For comparison, consider scenario 2:
Click to enlarge
We also conduct the experiment with the same egg size and on a single hotplate (because we only have one egg). Unlike scenario 1, we purchase eggs from different suppliers, so they vary in freshness, expiration date, and storage conditions. We use pots of different materials and sizes. We adjust the amount of water so that the egg is completely covered (meaning, the amount will vary depending on the pot). We add salt “by eye.”
In both scenarios, we boil 16 eggs according to the same experimental matrix. In each scenario, we obtain 16 results for each egg tested.
Which scenario is better? Which would you choose?
Most people answer: scenario 1. In this case, we feel more confident about the consistency of the results. Scenario 2 raises concerns that differences between pots, hotplates, and eggs could “mask” the effects of the studied factors and make drawing conclusions difficult.
However, the answer to the question of which scenario is better is not obvious. It all depends on the conditions under which we want to use the DoE results. If we are experimenting for our own needs, in our own kitchen, and know that we can always use the same pot and burner to cook eggs, add the same amount of water and optionally salt, and buy eggs of the same size from a single supplier, the chances are very high that the conclusions drawn from the DoE conducted according to Scenario 1 will prove true in practice.
However, if we are working on a general recipe for how to hard-boil a perfect egg and want to find tips that will work for a wide range of egg lovers, the chances that the conclusions from such a DoE will prove true in practice are very low. Every cook uses different hobs, pots, eggs from different sources, and so on. In such a case, the conclusions from the DoE according to Scenario 2 will be more universal, provided, of course, that the eggs are the size tested (in Scenario 2, the egg size was constant).

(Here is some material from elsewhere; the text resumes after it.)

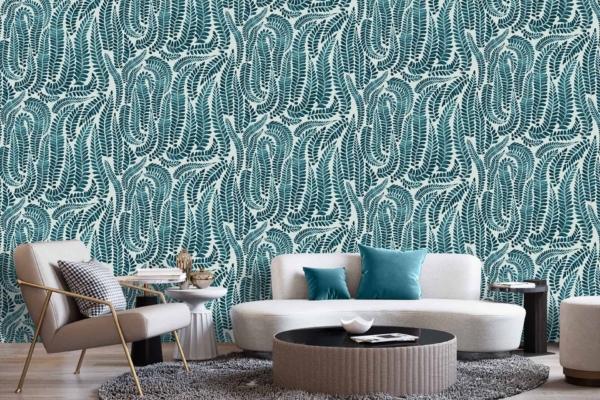 Modern living room wallpaper features a bold, teal and white patterned design with organic, fern-like elements. The main colors are teal and white, creating a striking contrast ideal for contemporary décor. This unique wallpaper adds an eye-catching focal point to any space.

Every good analysis, regardless of how the data was collected (whether from process observation or experiment), should indicate the limitations of the inferences. They always exist and depend on decisions made during the planning phase. Inference constraints are simply the conditions under which the resulting conclusions will be valid in practice. It’s naive to believe that something tested on one machine will work identically on others – even those of the same type. Similarly, if something has been tested on one prototype, it won’t necessarily translate into mass production.
In short: the experiment should be conducted under the conditions under which we intend to apply the resulting conclusions.

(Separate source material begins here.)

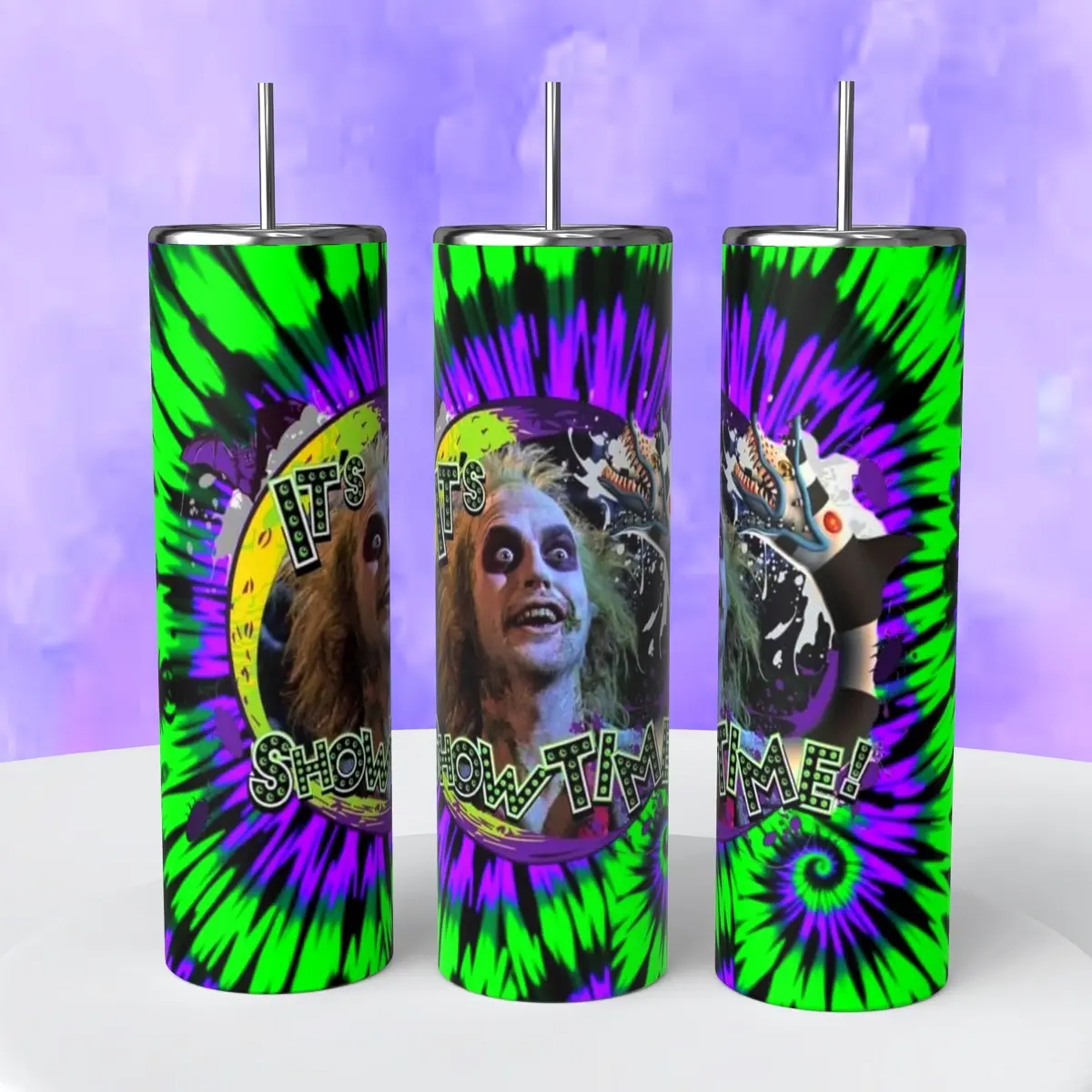 It’s Showtime Beetlejuice Tie Dye 20 oz tumbler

Scenario 1 seems safer and allows us to detect even small effects of the tested factors. However, if these effects are unlikely to be replicated in practice, their value is negligible. This is a common source of frustration for experimenters – the DOE analysis indicates ideal process settings, but after implementation, the results are nonexistent. The problem isn’t with the DOE itself, but rather that the range of conditions tested was too narrow – that is, all untested factors were held constant, as in scenario 1.
To effectively and efficiently design experiments, it’s important to remember that the DOE is not just about the Design Structure (what the experiment matrix shows), but also about the Unit Structure – how we handle disturbances during the DoE. The more disturbances present during the DoE, the smaller the constraints on inference. Are scenarios 1 and 2 the same experiment? No – they are two different experiments, differing precisely in the universality of the conclusions we can draw from them.
Ultimately, the decision on how to conduct an experiment should be conscious and well-considered.